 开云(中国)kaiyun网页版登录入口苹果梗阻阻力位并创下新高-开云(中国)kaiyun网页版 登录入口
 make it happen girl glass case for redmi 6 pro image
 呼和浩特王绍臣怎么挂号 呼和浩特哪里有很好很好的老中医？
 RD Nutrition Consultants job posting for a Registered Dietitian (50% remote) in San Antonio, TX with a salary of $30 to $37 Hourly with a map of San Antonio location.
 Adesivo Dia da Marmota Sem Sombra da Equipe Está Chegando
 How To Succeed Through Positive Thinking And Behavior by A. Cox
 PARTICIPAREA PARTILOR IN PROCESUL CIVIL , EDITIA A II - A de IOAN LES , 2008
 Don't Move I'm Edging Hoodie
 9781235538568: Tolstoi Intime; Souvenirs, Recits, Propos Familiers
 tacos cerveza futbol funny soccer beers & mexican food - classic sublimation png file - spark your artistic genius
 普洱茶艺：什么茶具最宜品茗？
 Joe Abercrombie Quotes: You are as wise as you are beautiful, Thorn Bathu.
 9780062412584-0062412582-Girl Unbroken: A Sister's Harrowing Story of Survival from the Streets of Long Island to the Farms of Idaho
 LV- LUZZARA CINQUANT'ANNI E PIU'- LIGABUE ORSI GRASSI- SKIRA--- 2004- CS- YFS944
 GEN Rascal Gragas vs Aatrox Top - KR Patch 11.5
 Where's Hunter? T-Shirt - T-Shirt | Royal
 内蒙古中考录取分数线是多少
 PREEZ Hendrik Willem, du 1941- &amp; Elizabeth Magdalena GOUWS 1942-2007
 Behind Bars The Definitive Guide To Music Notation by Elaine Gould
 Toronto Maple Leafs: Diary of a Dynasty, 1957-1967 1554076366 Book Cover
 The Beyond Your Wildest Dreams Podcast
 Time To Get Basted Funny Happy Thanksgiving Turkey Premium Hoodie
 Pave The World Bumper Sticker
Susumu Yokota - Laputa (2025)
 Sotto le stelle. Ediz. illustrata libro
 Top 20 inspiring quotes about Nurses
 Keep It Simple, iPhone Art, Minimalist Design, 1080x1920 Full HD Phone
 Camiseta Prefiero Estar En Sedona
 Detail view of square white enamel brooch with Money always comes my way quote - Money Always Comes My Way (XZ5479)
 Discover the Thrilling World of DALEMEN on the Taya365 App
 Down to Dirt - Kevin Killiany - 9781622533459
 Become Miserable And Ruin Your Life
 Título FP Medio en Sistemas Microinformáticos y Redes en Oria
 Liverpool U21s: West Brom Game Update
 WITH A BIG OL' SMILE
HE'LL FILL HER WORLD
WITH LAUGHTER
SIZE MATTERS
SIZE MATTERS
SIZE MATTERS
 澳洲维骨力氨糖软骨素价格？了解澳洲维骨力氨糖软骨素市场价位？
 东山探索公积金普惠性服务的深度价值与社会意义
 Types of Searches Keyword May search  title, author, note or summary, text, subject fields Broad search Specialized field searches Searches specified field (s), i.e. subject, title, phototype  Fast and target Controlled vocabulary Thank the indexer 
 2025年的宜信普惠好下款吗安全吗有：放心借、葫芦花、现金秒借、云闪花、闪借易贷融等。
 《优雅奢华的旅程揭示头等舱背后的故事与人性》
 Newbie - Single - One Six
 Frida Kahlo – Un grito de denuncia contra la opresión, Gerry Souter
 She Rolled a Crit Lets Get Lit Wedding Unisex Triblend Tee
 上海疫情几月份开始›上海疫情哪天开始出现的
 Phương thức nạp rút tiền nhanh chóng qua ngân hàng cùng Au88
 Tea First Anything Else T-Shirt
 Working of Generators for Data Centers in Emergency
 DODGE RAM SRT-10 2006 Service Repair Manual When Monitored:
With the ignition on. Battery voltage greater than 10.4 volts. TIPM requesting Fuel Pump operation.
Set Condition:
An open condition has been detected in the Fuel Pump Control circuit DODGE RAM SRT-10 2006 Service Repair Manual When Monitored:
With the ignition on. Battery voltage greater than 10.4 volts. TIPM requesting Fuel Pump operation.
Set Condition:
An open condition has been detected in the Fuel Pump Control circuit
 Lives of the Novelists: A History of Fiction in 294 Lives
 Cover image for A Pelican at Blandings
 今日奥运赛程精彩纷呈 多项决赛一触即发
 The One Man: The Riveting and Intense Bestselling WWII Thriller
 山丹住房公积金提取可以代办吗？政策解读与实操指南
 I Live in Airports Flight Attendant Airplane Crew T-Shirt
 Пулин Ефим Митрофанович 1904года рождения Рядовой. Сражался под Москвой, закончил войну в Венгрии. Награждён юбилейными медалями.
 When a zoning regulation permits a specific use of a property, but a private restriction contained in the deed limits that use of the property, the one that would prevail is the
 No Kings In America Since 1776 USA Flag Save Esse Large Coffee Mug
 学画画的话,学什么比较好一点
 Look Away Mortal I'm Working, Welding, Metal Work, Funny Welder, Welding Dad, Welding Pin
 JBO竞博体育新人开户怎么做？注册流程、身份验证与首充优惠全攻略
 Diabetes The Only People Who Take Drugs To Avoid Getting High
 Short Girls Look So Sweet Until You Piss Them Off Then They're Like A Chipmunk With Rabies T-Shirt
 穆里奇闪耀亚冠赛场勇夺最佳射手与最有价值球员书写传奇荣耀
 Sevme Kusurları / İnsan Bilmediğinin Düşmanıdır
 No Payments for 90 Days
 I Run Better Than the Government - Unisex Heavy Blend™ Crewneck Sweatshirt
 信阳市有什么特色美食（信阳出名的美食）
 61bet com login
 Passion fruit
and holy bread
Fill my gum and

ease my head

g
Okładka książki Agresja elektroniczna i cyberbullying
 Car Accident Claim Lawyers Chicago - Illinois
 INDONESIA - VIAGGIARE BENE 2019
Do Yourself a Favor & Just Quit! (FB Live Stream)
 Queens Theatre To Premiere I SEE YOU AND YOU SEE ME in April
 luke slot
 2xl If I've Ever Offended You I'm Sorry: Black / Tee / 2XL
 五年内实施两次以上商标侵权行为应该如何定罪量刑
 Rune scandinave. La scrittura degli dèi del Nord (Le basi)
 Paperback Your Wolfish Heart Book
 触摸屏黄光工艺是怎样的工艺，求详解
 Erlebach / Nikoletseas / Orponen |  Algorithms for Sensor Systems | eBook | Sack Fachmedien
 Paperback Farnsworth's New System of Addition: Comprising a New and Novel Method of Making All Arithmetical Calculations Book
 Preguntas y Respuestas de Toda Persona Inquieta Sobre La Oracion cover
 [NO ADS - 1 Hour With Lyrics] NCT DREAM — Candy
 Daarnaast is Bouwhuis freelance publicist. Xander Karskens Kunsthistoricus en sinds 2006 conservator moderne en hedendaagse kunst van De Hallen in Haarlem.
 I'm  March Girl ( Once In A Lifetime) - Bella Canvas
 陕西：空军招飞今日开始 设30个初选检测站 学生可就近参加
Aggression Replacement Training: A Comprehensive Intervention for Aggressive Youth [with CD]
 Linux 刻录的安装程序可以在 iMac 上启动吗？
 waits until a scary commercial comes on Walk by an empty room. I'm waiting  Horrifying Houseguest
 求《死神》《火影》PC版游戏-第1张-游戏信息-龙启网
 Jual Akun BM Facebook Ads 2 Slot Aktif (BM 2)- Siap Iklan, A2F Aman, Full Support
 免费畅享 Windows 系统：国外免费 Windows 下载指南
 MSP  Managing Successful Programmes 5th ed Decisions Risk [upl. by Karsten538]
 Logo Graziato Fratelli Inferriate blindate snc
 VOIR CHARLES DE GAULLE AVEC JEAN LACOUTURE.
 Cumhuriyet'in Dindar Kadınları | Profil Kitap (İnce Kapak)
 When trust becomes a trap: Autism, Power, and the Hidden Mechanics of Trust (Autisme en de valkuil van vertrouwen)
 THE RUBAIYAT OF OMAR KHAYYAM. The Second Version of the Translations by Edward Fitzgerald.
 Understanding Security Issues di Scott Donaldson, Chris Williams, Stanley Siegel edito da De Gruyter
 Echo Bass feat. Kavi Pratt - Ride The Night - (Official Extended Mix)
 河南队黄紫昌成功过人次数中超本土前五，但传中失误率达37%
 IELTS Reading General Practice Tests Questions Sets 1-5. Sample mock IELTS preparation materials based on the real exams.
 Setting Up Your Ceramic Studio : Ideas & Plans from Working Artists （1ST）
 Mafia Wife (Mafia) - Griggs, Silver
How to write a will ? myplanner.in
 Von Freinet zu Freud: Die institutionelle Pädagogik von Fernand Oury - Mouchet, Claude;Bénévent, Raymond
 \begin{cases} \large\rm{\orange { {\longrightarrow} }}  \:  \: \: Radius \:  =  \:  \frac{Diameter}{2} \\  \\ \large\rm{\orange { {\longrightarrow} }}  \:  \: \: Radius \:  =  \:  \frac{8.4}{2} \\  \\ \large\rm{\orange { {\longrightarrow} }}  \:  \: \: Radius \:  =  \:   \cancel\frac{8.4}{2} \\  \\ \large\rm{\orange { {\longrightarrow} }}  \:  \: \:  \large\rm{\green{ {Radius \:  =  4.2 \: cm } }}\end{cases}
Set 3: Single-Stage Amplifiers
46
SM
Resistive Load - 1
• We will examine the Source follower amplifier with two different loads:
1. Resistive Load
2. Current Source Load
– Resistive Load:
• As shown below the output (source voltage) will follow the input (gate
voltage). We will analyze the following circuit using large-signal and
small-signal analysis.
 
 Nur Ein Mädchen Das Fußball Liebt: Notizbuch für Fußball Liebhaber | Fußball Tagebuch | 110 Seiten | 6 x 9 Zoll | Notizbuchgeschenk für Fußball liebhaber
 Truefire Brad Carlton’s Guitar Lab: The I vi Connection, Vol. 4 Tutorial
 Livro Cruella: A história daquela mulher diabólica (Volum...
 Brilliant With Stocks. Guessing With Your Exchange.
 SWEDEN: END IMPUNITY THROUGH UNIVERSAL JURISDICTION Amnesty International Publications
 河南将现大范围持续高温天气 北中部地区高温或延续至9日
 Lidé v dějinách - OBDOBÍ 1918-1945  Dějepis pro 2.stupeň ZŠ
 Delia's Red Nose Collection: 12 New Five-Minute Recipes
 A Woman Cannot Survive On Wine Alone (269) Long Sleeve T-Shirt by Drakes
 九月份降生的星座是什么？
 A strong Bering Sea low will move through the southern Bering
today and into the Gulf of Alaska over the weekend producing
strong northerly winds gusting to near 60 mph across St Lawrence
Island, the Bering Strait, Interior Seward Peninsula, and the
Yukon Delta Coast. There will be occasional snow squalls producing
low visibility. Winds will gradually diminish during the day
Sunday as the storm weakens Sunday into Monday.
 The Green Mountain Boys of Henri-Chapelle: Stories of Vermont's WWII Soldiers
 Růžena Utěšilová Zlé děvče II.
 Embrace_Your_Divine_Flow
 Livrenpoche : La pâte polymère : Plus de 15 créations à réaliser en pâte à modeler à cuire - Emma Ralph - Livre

■ Instructions for the task: Transcribe only the lines from the beginning of the entries to the line with "How To Succeed", inclusive, exactly as written.

■ Result of this task:
 开云(中国)kaiyun网页版登录入口苹果梗阻阻力位并创下新高-开云(中国)kaiyun网页版 登录入口
 make it happen girl glass case for redmi 6 pro image
 呼和浩特王绍臣怎么挂号 呼和浩特哪里有很好很好的老中医？
 RD Nutrition Consultants job posting for a Registered Dietitian (50% remote) in San Antonio, TX with a salary of $30 to $37 Hourly with a map of San Antonio location.
 Adesivo Dia da Marmota Sem Sombra da Equipe Está Chegando
 How To Succeed Through Positive Thinking And Behavior by A. Cox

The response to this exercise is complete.